Edgar Cortez, del Instituto Mexicano de Derechos Humanos y Democracia (IMDHD), parte de un contraste generacional para analizar la recomendación de la Comisión Nacional de los Derechos Humanos (CNDH) sobre el caso Ayotzinapa. Doña Rosario Ibarra de Piedra dedicó su vida a exigir verdad y justicia por las personas desaparecidas y cuestionó a presidentes y políticos por su negativa a reconocer las desapariciones en México. Su hija, Rosario Piedra Ibarra, preside la CNDH sin una trayectoria de acompañamiento a víctimas de violaciones a derechos humanos, y es hoy quien firma una recomendación que exonera al Ejército de responsabilidad en la desaparición de los 43 normalistas y descalifica al Grupo Interdisciplinario de Expertos Independientes y a las organizaciones que han acompañado a las familias desde 2014.
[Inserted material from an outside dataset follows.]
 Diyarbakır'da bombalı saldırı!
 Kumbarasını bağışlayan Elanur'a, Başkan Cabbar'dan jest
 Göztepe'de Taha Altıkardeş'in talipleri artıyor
El intento de deslegitimar al Centro Prodh carece de sustento porque la CNDH se ha convertido en portavoz del Poder Ejecutivo y ha respaldado la militarización de la seguridad pública y la ampliación de la prisión preventiva oficiosa, perdiendo la legitimidad que requeriría para descalificar a otros actores.

El Centro Prodh acumula 38 años de trabajo en defensa de los derechos humanos con financiamiento internacional ante la ausencia de recursos públicos para causas sociales en el país, con casos emblemáticos como los zapatistas, los campesinos ecologistas y las mujeres de Atenco. Cuando se sumó al caso Ayotzinapa ya lo respaldaba más de un cuarto de siglo de trayectoria. Para Edgar Cortez, el intento de descalificación difícilmente prosperará frente a ello, mientras el Centro Prodh seguirá al lado de las familias en la exigencia de verdad y justicia.